__Source material__.
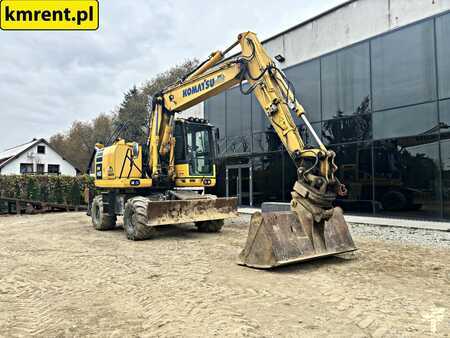 Komatsu PW 148-10 .| JCB JS 145 VOLVO EW 140 CAT LIEBHERR 313 314 315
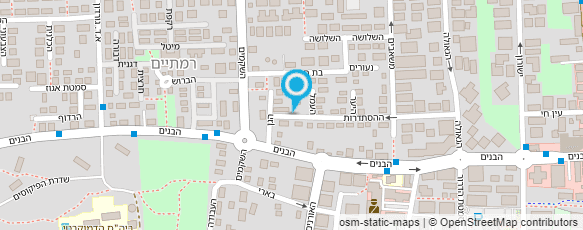 מפת הגעה אל נט חדד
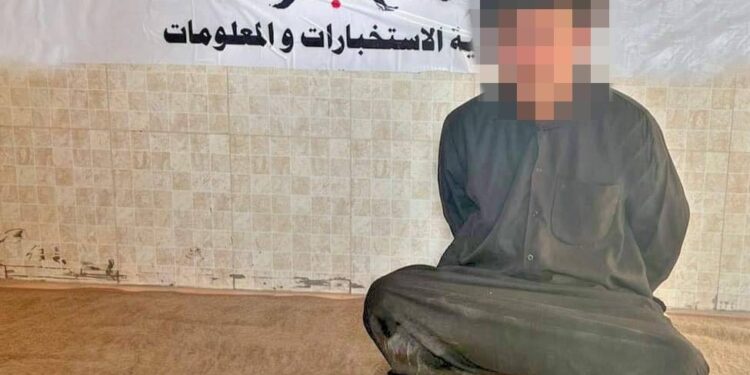 النجف .. الحشد الشعبي يعلن عن اعتقال تاجر مخدرات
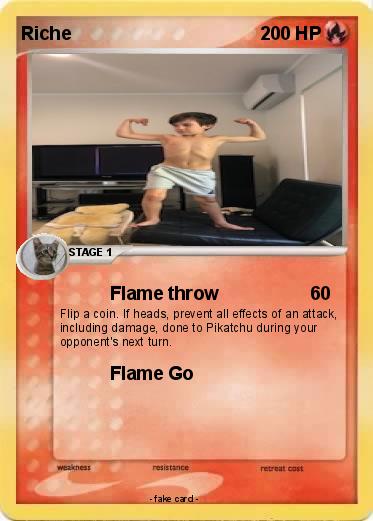 Pokemon Riche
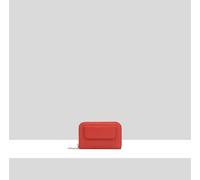 Dents Women's Eleni Leather Purse in Burgundy Dents Burgundy One Size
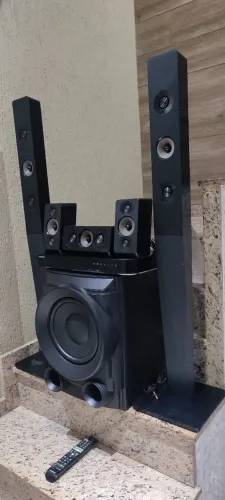 Home theater Samsung bluetooth,HT-F5505.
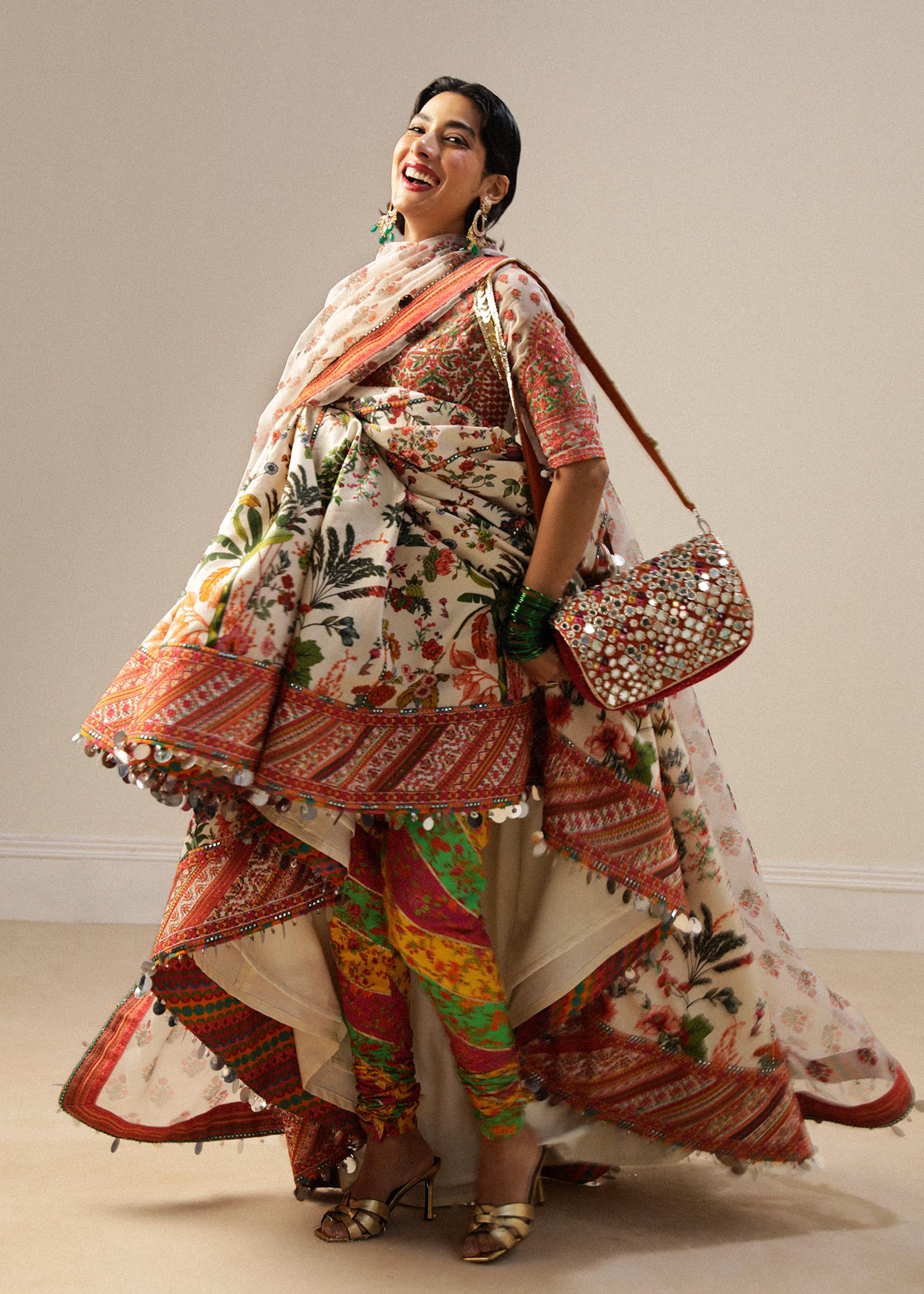 Hussain Rehar | Luxury Formals | Jazab - House Of Hania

__Problem description__. Would you write out the data exactly, with no pictures in the copy?

__Solution below__.
 Komatsu PW 148-10 .| JCB JS 145 VOLVO EW 140 CAT LIEBHERR 313 314 315
 מפת הגעה אל נט חדד
 النجف .. الحشد الشعبي يعلن عن اعتقال تاجر مخدرات
 Pokemon Riche
 Dents Women's Eleni Leather Purse in Burgundy Dents Burgundy One Size
 Home theater Samsung bluetooth,HT-F5505.
 Hussain Rehar | Luxury Formals | Jazab - House Of Hania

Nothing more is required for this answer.